• **What you have to do**:
Write the records out exactly as they read, but not the pictures.

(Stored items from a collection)
====================
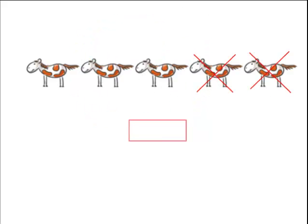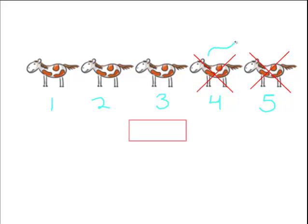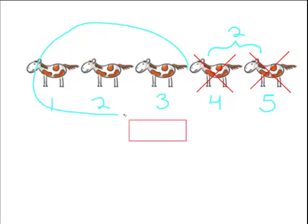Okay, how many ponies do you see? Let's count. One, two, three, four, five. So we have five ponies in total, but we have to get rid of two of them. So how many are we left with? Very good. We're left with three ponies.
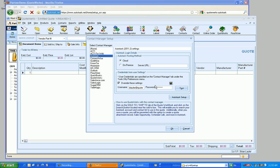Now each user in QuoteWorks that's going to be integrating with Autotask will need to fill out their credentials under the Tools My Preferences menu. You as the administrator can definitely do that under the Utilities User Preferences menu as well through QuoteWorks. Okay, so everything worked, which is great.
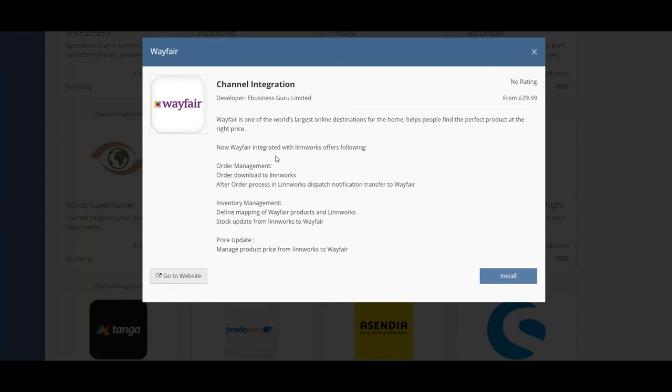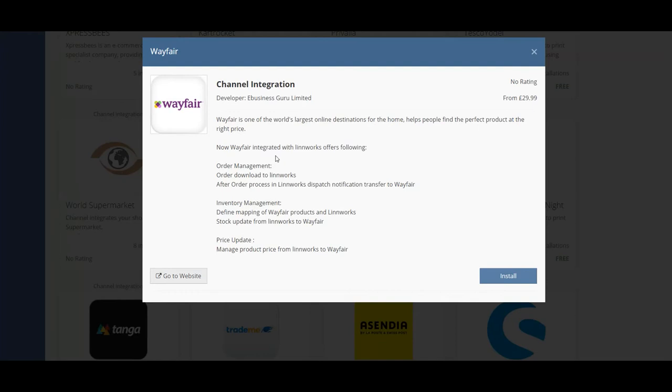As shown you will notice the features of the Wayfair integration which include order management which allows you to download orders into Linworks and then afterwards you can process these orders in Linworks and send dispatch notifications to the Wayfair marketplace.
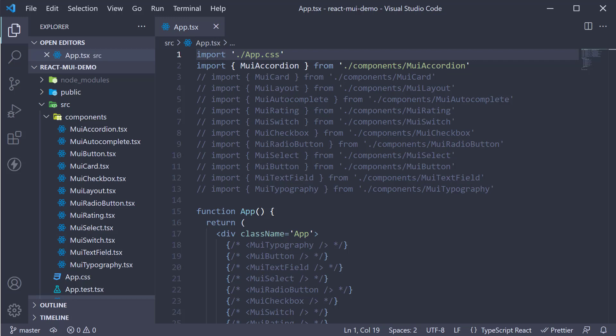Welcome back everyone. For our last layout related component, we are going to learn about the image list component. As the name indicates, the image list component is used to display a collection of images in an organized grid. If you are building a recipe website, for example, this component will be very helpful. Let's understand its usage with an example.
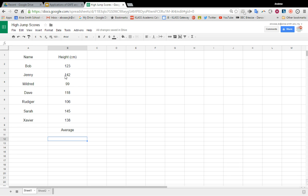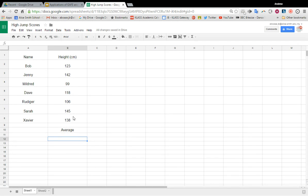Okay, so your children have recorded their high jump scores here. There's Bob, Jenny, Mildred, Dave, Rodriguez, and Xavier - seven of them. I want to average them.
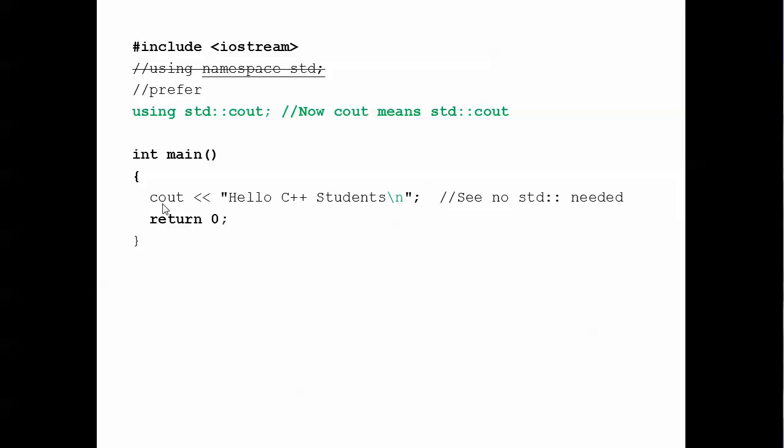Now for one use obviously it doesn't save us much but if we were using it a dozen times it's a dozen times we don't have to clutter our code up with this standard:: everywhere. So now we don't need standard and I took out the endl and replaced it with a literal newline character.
====================
• **Written reply**:
Okay, how many ponies do you see? Let's count. One, two, three, four, five. So we have five ponies in total, but we have to get rid of two of them. So how many are we left with? Very good. We're left with three ponies.
Now each user in QuoteWorks that's going to be integrating with Autotask will need to fill out their credentials under the Tools My Preferences menu. You as the administrator can definitely do that under the Utilities User Preferences menu as well through QuoteWorks. Okay, so everything worked, which is great.
As shown you will notice the features of the Wayfair integration which include order management which allows you to download orders into Linworks and then afterwards you can process these orders in Linworks and send dispatch notifications to the Wayfair marketplace.
Welcome back everyone. For our last layout related component, we are going to learn about the image list component. As the name indicates, the image list component is used to display a collection of images in an organized grid. If you are building a recipe website, for example, this component will be very helpful. Let's understand its usage with an example.
Okay, so your children have recorded their high jump scores here. There's Bob, Jenny, Mildred, Dave, Rodriguez, and Xavier - seven of them. I want to average them.
Now for one use obviously it doesn't save us much but if we were using it a dozen times it's a dozen times we don't have to clutter our code up with this standard:: everywhere. So now we don't need standard and I took out the endl and replaced it with a literal newline character.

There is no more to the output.